British election results so far tend to confirm exit poll showing big Conservative victory

Conservatives have held their marginal seat in Nuneaton in the West Midlands, just east of Birmingham. Their candidate’s share of the popular vote increased from 41.5 percent to 45.5 percent, while the Labour share of the vote rose from 30.3 percent to 34.9 percent. Pre-election polls suggested that Labour would wrest many marginal seats won by the Conservatives in 2010; Nuneaton was one of them, and the result there suggests that they won’t win many.

This result pretty well confirms the exit poll and refutes the notion, advanced understandably by Labour and Lib Dem spokesmen, that the pre-election polls were right and the exit poll wrong. This was confirmed by the fact that there was no significant Labour swing, as suggested by pre-election polls, in the two London seats in which the results have been announced.

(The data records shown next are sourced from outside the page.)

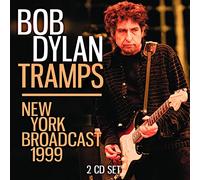 Tramps – Radio Broadcast Nex York 1999 – CD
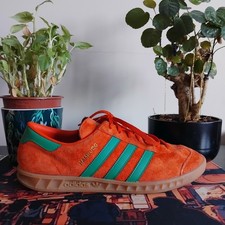 Adidas Originals Hamburg Suede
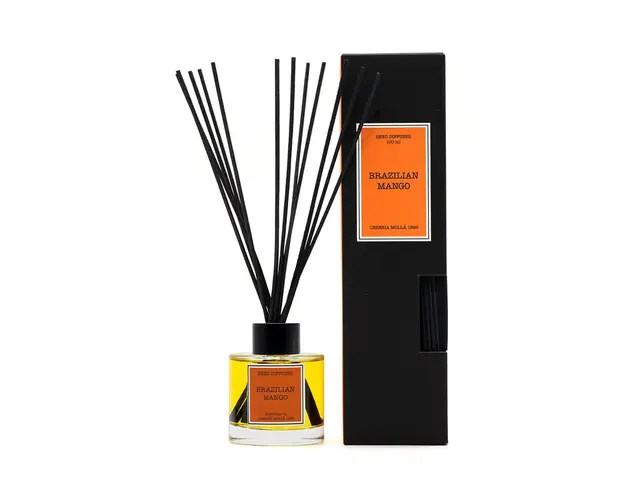 Cerreria Molla Difuzor de arome Brazilian Mango 100 ml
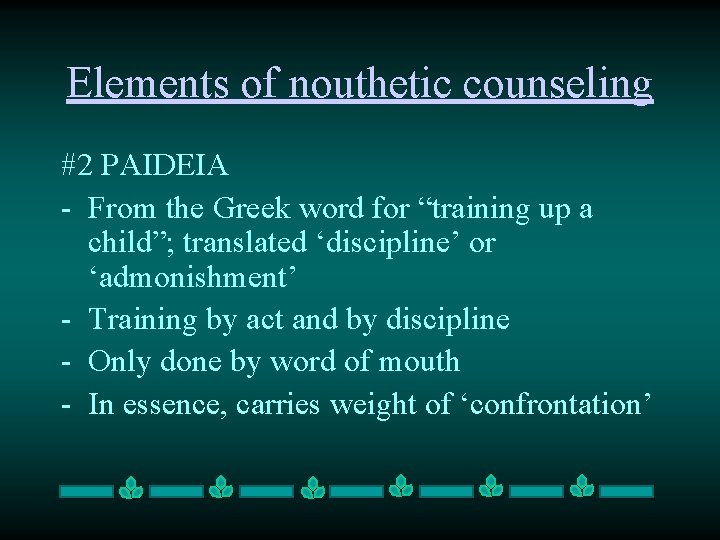 Competent To Counsel Introduction To Nouthetic Counseling Rolan
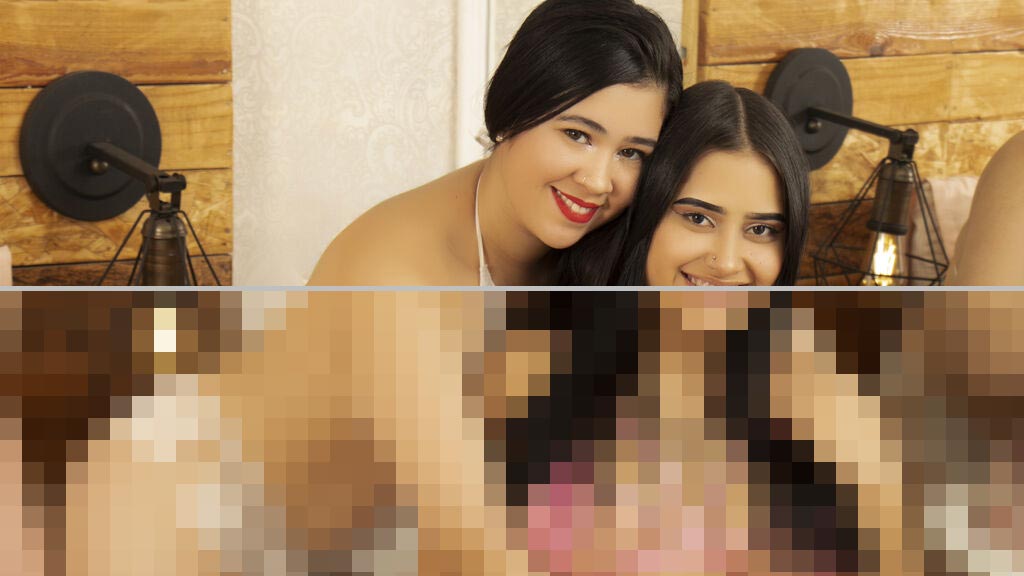 Sasha And Pamela Web Cam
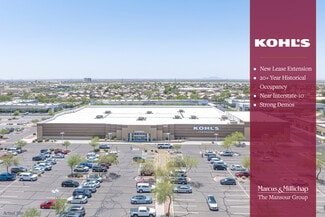 Phoenix, AZ Department Store - 4637 E Chandler Blvd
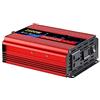 MEIVIYA Inverter a onda sinusoidale pura 12V 24V a 220 1600W 2500W 3500W 4000W Convertitore di tensione da CC a CA 12 220 Mini alimentatore for auto(12V2500W)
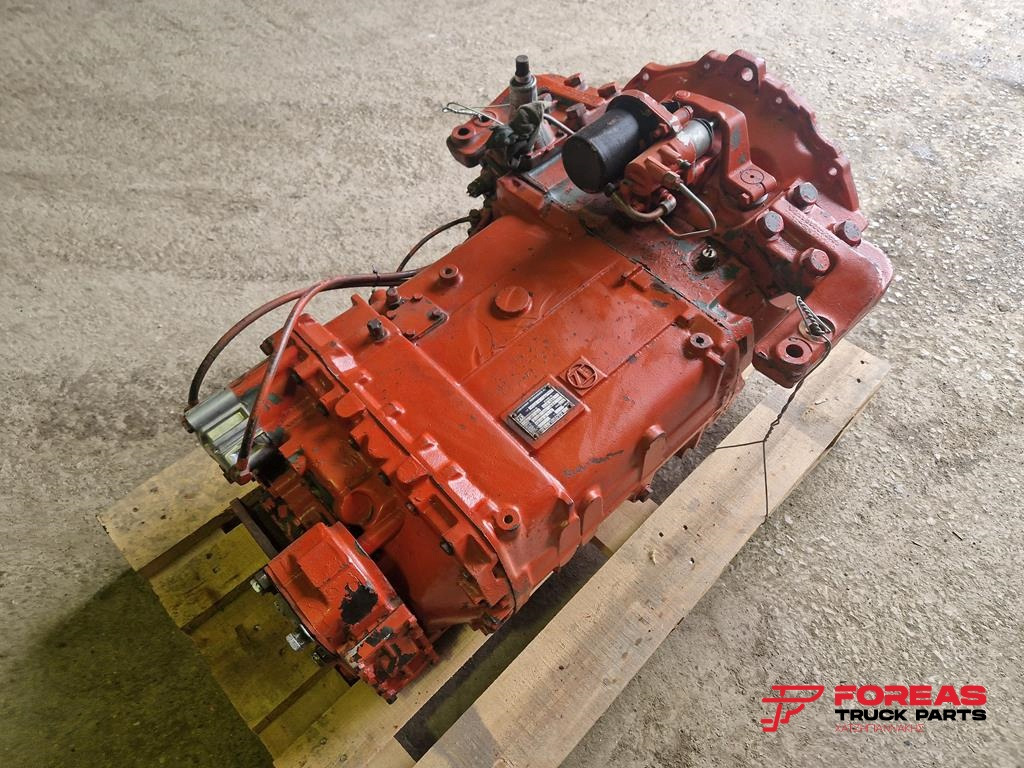 ZF 16S 130 - Menjač za Kamion: slika 5 ZF 16S 130 - Menjač za Kamion: slika 5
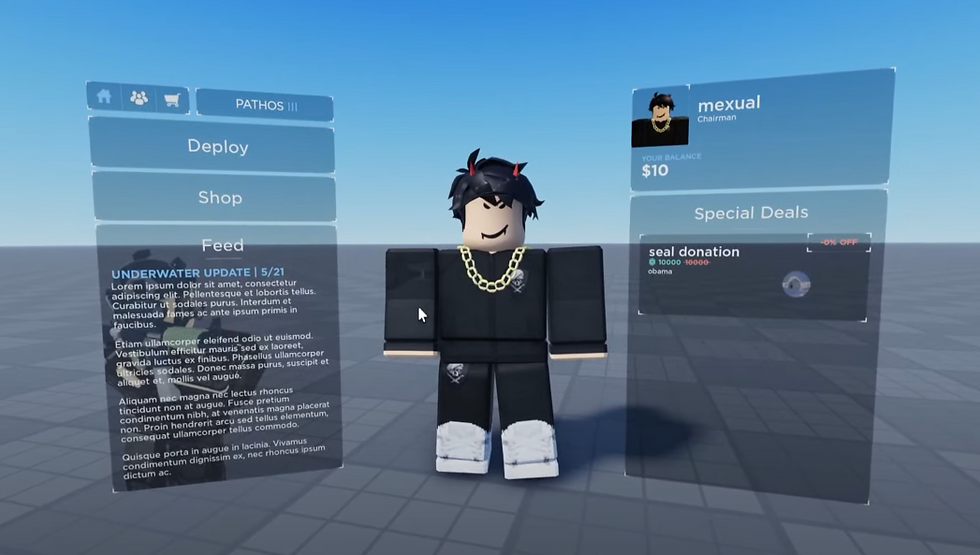 Roleplay Systems Sammy Studios 2/2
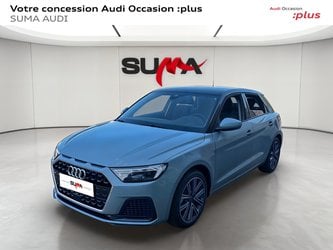 D'occasion À Chalon-Sur-Saône | Audi A1 Sportback 30 Tfsi 116 Ch S Tronic 7 Design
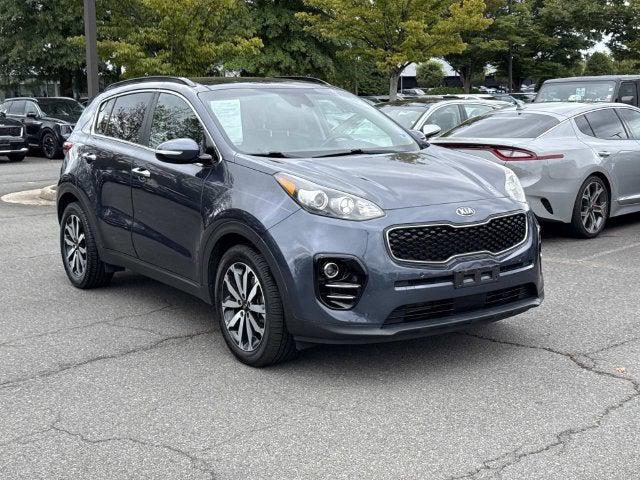 2019 Kia Sportage EX 2019 Kia Sportage EX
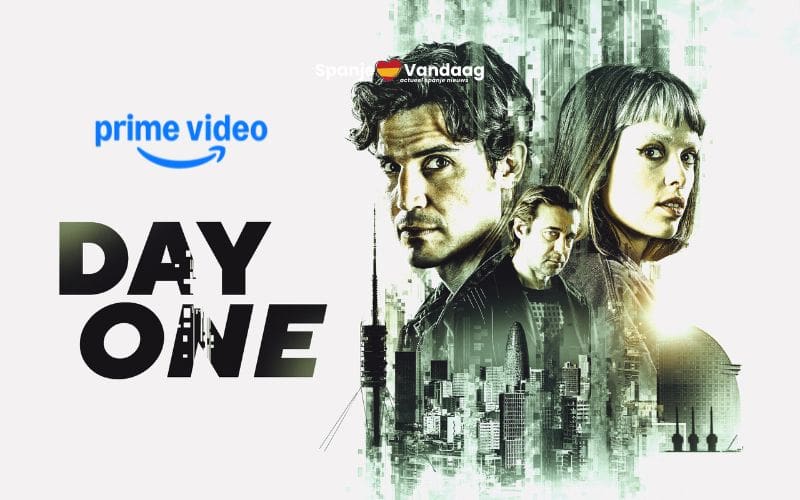 Nieuwe Spaanse thrillerserie ‘Day One’ speelt zich af tijdens Mobile World Congress in Barcelona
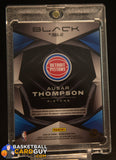 Ausar Thompson 2023-24 Panini Black Rookie Memorabilia Autographs Copper #12 Ausar Thompson 2023-24 Panini Black Rookie Memorabilia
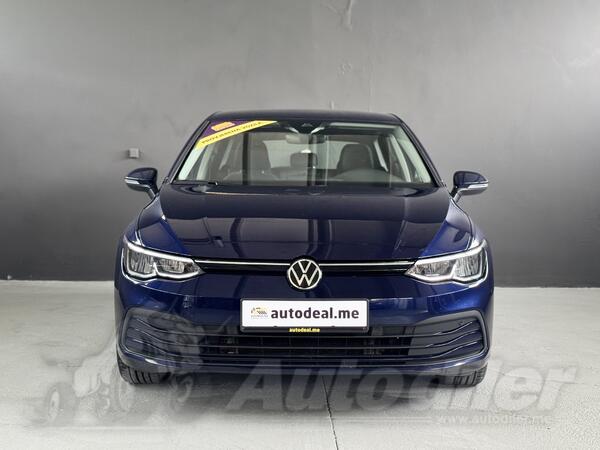 Volkswagen - Golf 8 - 2.0 TDI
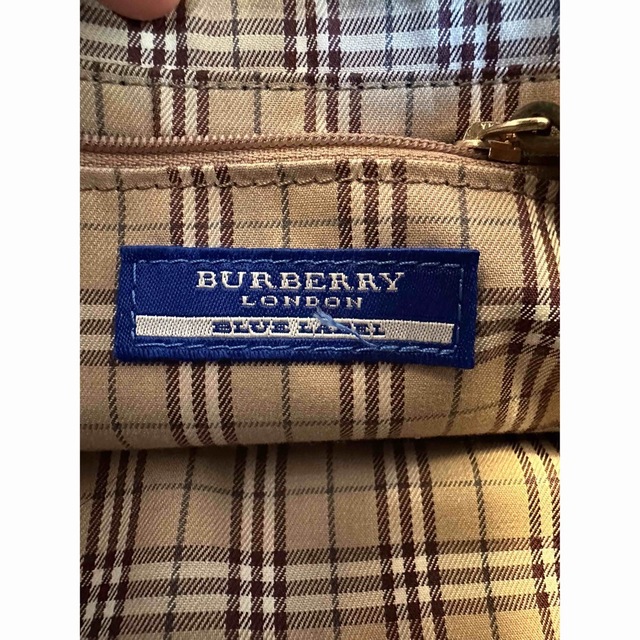 BURBERRY(バーバリー)の【Burberry】ショルダーバッグ レディースのバッグ(ショルダーバッグ)の商品写真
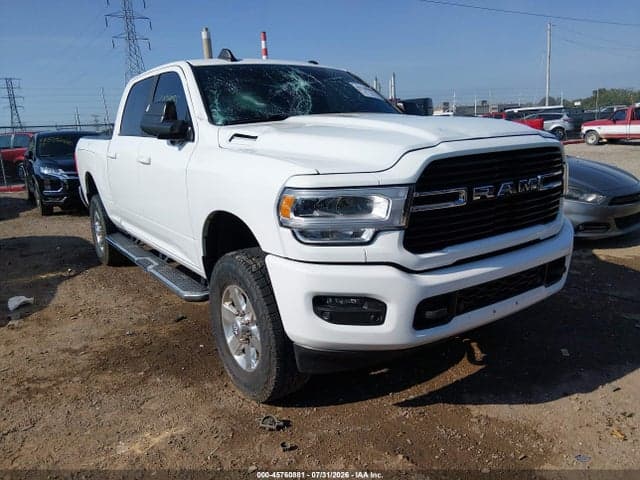 2019 RAM 2500 BIG HORN 4X4 6'4 BOX - 1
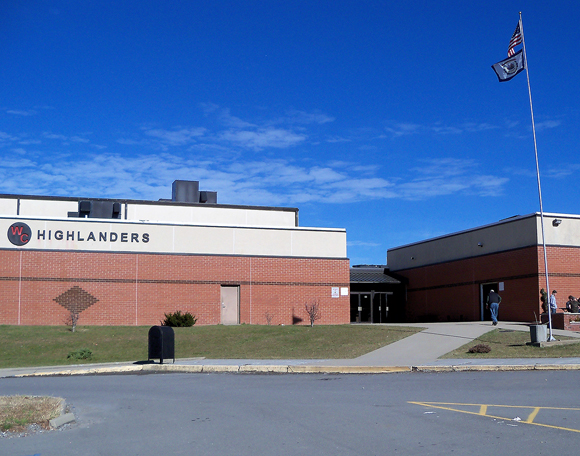 Webster County High School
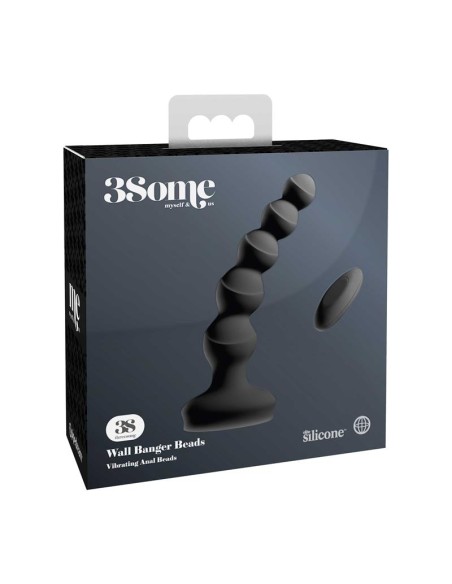 Bolas Anales con Vibracion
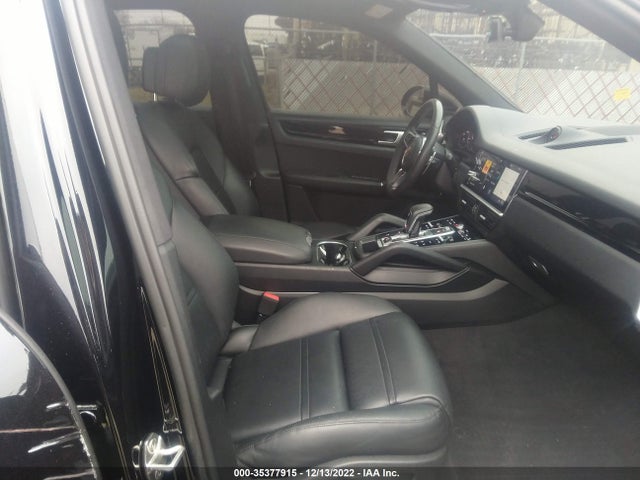 2019 Porsche Cayenne, VIN: WP1AA2AY0KDA13097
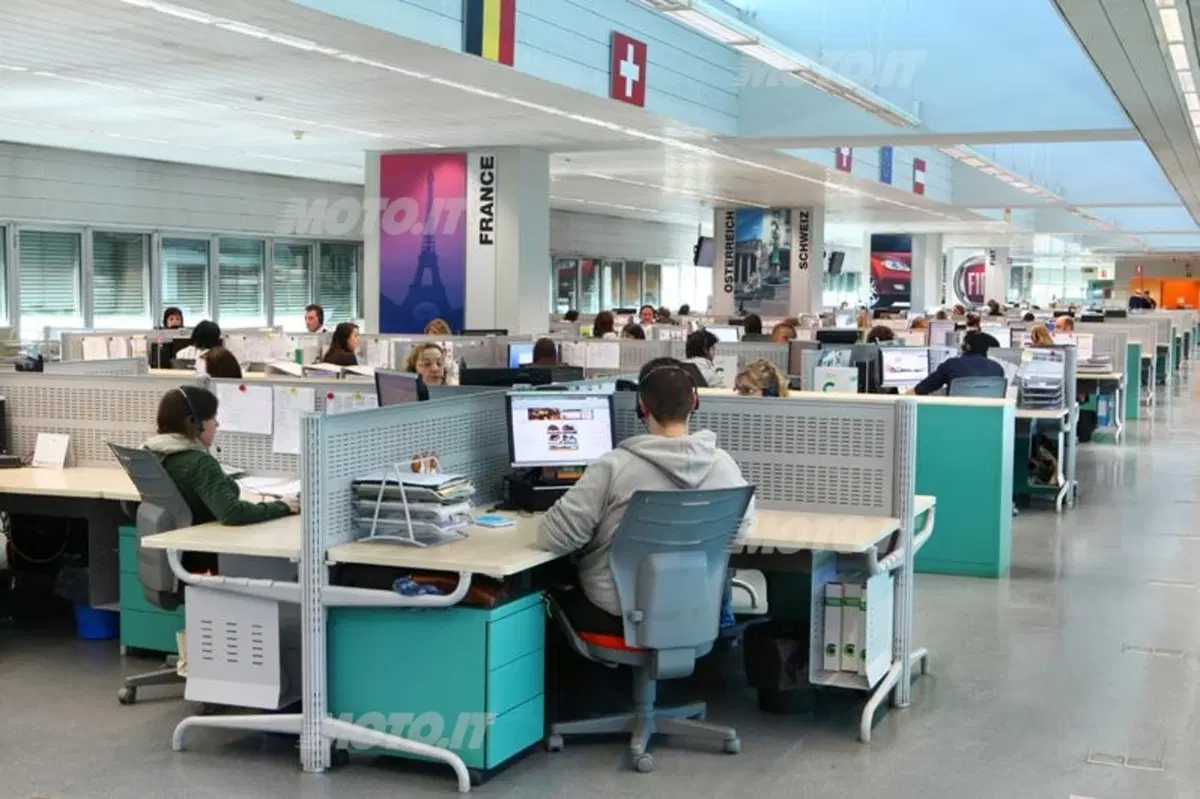 Fiat: con il Customer Services Center il cliente non è più solo (2)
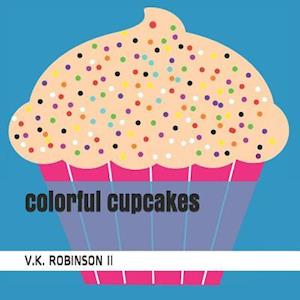 Colorful Cupcakes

Former Labour cabinet minister David Blunkett, who stood down and is not running for re-election this year, accepted this analysis and said that Conservatives might win an absolute majority of 323 seats — a very unwelcome result, he went on to say. “We’ve got to learn the lessons for reaching out to what Ed Miliband called ‘one nation politics.’ We must not revert to the far left.” He’s the first Labour spokesmen I’ve seen, just before 1:00am UK time, take that view.